* **WHAT YOU ARE ASKED TO DO**
Set the material down again exactly, line by line, skipping each picture.

* **RAW DATA**
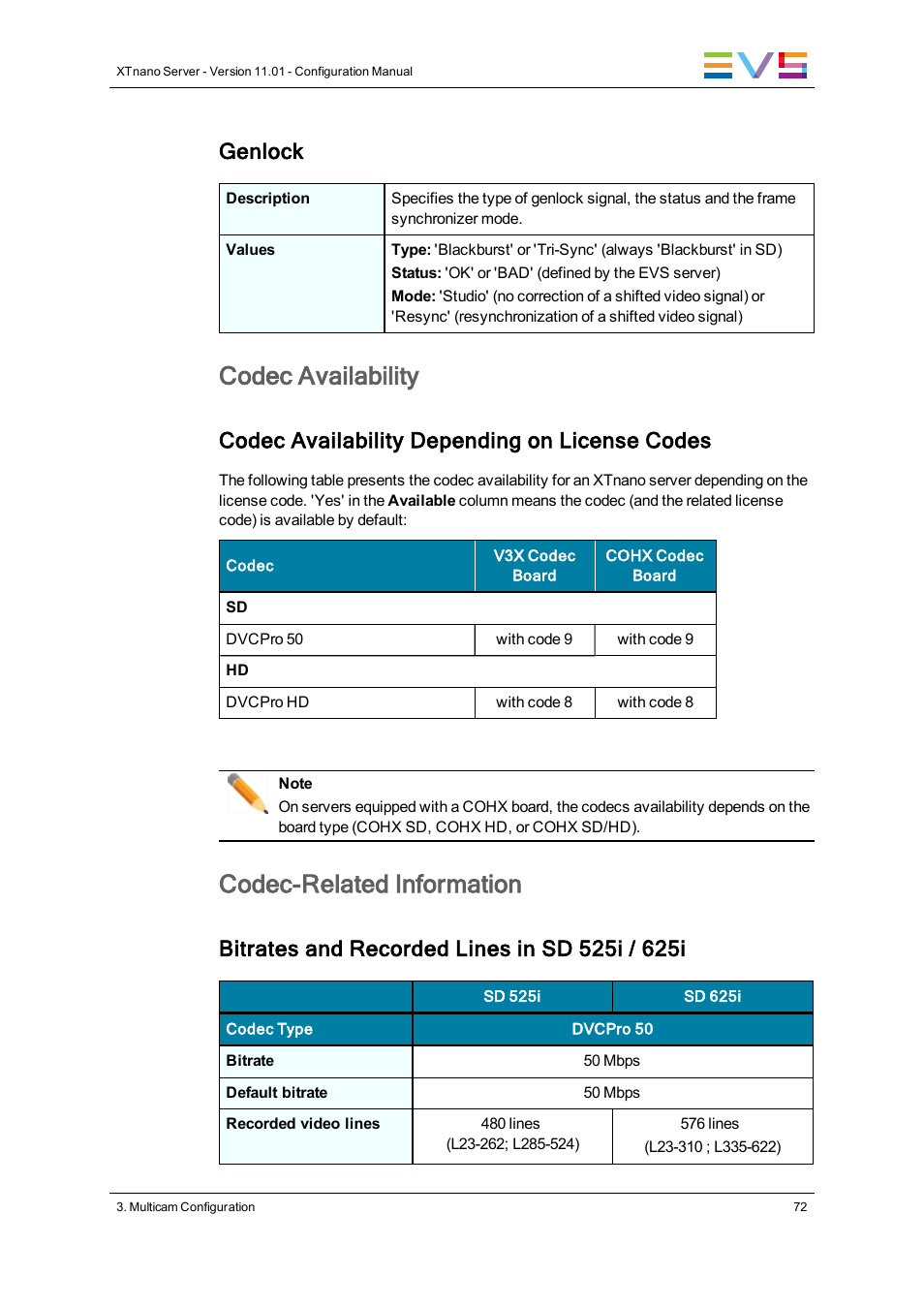 Codec availability, Codec-related information, Genlock | Codec availability depending on license codes | EVS XTnano Version 11.01 - November 2012 Configuration Manual User Manual | Page 82 / 182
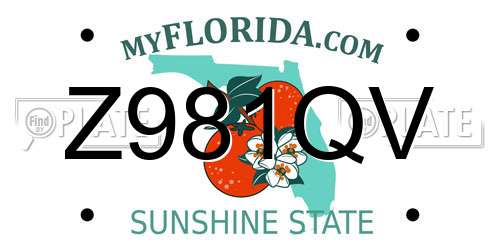 Z981QV Florida License Plate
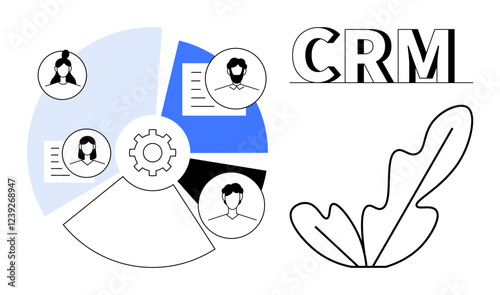 Pie chart segments containing user profile icons, gear symbol, plant icon, and CRM acronym. Ideal for business management, customer service, data analysis, workflow, teamwork communication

* **SOLVED EXERCISE**
 Codec availability, Codec-related information, Genlock | Codec availability depending on license codes | EVS XTnano Version 11.01 - November 2012 Configuration Manual User Manual | Page 82 / 182
 Z981QV Florida License Plate
 Pie chart segments containing user profile icons, gear symbol, plant icon, and CRM acronym. Ideal for business management, customer service, data analysis, workflow, teamwork communication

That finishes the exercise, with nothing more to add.